Even though it’s difficult to identify, treating hearing loss early can help you prevent a wide range of related disorders, like depression, anxiety, and even dementia. Prompt treatment can also help you maintain your current hearing levels. Noticing the early warning signs is the best way to ensure treatment.
Initial signs of hearing loss can be difficult to identify
The first indications of hearing loss tend to be subtle. It’s not like you wake up one morning and, very suddenly, you can’t hear anything lower than 65 decibels. The symptoms, instead, become incorporated into your day-to-day lives.
The human body and brain, you see, are amazingly adaptable. When your hearing begins to fade, your brain can begin to compensate, helping you follow conversations or determine who said what. Likewise, if your left ear begins to fade, perhaps your right ear starts to compensate and you unconsciously start tilting your head just a bit.
But there’s only so much compensation that your brain can achieve.
Age related hearing loss – first signs
If you’re worried that your hearing (or the hearing of a family member) may be waning as a result of age, there are some common signs you can watch out for:
- You can’t differentiate between “s” and “th” sounds now: There’s something about the frequency that these sounds vibrate on that can make them especially hard to hear when your ears aren’t at their peak.

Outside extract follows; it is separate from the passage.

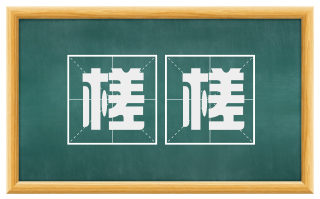 槎槎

You should pay particular attention to the “s” and “th” sounds, but other consonant sounds can also become mixed up.
- You regularly find yourself needing people to repeat what they said: This one shouldn’t come as much of a surprise. In most instances, though, you will do this without even realizing that you are doing it at all. When you have a challenging time hearing something, you might request some repetition. When this begins to happen more often, it should raise some red flags around your ears.
- A tough time hearing in busy spaces: Picking individual voices in a crowd is one of the things that the brain is very good at. But as your hearing worsens, your brain has less information to work with. It can quickly become overwhelming to try to hear what’s going on in a crowded room. Having a hearing assessment is the best choice if you find yourself steering clear of more conversations because you’re having a hard time following along.

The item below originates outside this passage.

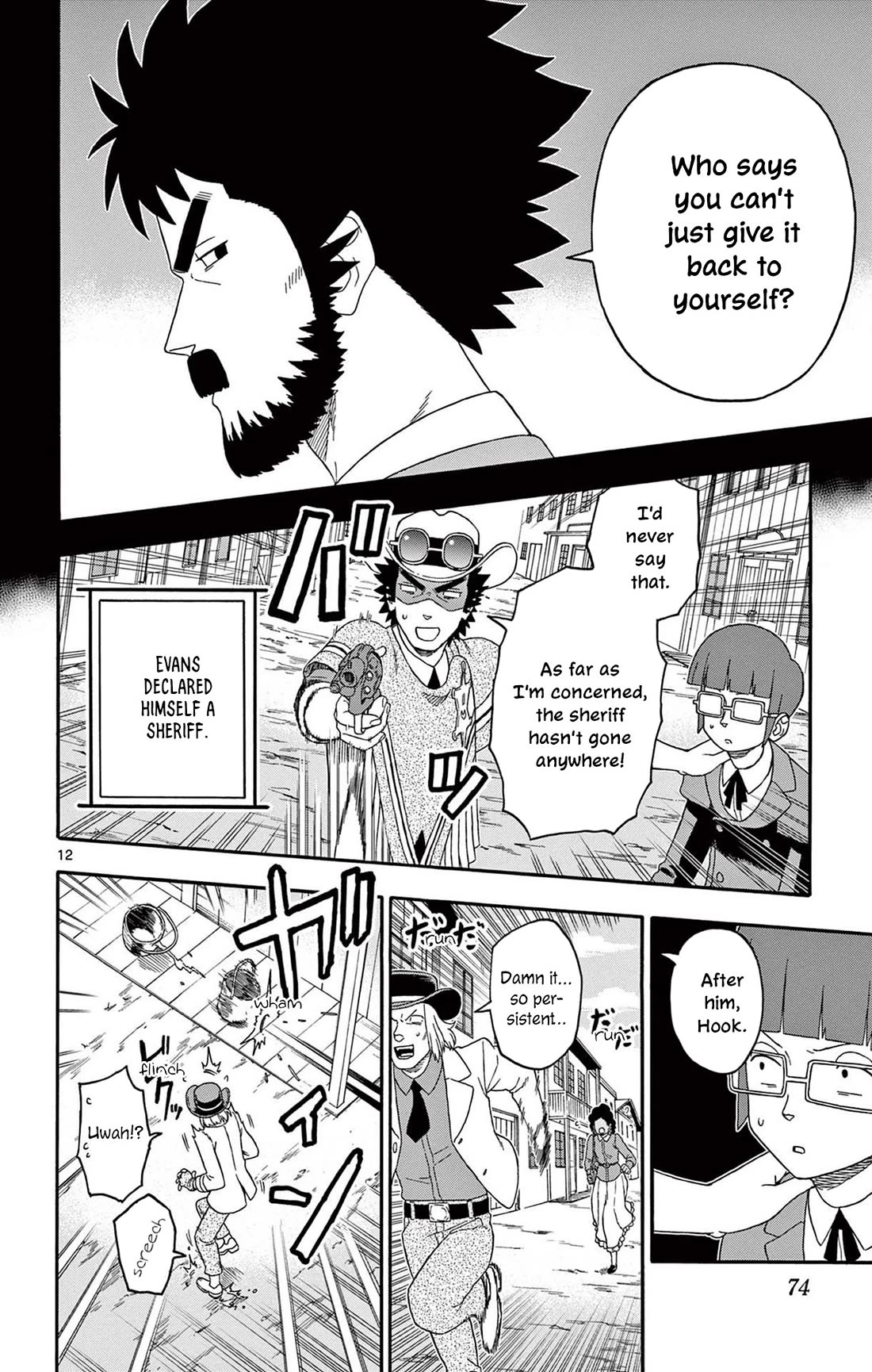 Hoankan Evans no Uso Chapter 222 page 12 - Chapter 222: Former Assassins Can't Become Deputies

- Increased volume on devices: This indication of hearing loss is perhaps the most widely recognized. It’s classic and often cited. But it’s also easy to see and easy to track (and easy to relate to). If you’re continuously turning up the volume, that’s a sign that you aren’t hearing as well as you used to.
You should also watch for these more subtle signs
There are some signs of hearing loss that don’t appear to have much to do with your hearing. These are subtle signs, no doubt, but they can be a leading indicator that your ears are struggling.

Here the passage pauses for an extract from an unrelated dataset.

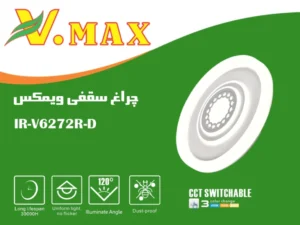 چراغ سقفی 72 وات گرد طرح خورشید ویمکس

- Difficulty focusing: If your brain is having to devote more energy to hearing, you may have less concentration power available to accomplish your everyday routines. As a result, you might observe some trouble focusing.
- Restless nights: Insomnia is, ironically, a sign of hearing loss. It seems as if it would be easier to fall asleep when it’s quiet, but you go into a chronic state of restless alertness when you’re always straining to hear.
- Persistent headaches: When your hearing starts to decrease, your ears are still struggling to hear sounds. They’re doing hard work. And that sustained strain also strains your brain and can lead to chronic headaches.
It’s a smart plan to get in touch with us for a hearing test if you’re noticing any of these age related signs of hearing loss. Then we can help you protect your hearing with the right treatment plan.
Hearing loss is a slow-moving process. But you can stay ahead of it with the correct knowledge.